- **YOUR GOAL**: The full listing is to be transcribed exactly, with each picture left out.

- **RAW DATA**:
┄┄┄┄┄┄

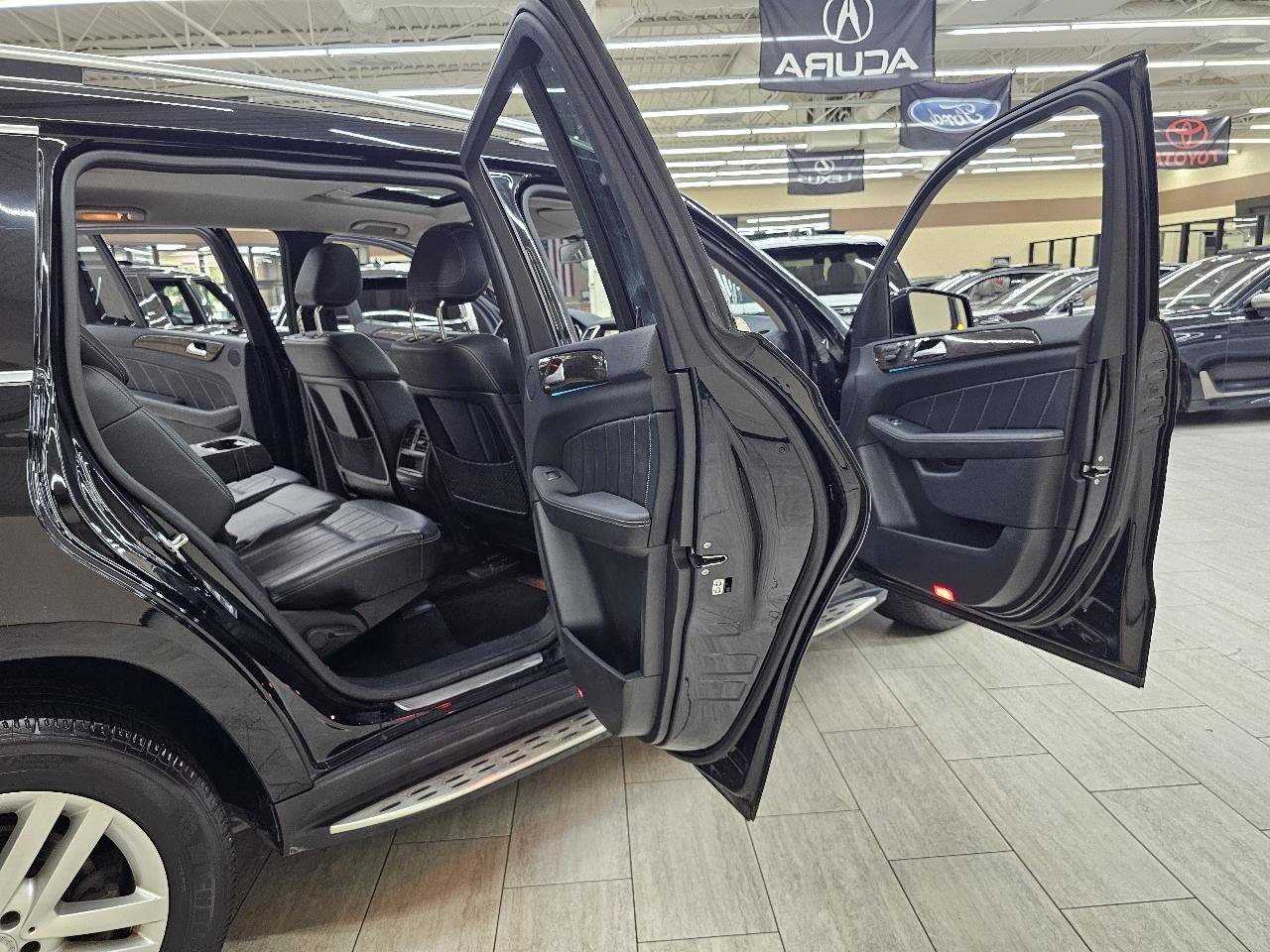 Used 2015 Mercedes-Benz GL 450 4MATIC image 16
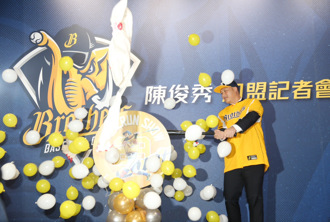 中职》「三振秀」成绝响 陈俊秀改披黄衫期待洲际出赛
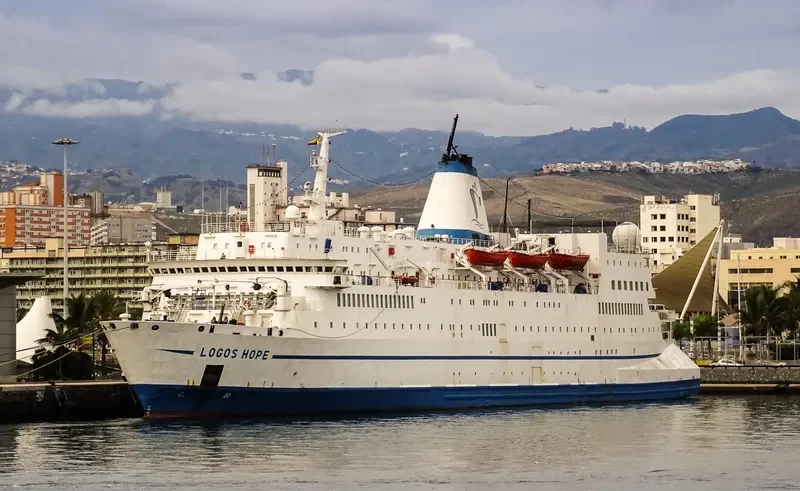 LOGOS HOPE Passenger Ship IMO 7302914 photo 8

┄┄┄┄┄┄

- **SOLUTION TO THIS TASK**:
 Used 2015 Mercedes-Benz GL 450 4MATIC image 16
 中职》「三振秀」成绝响 陈俊秀改披黄衫期待洲际出赛
 LOGOS HOPE Passenger Ship IMO 7302914 photo 8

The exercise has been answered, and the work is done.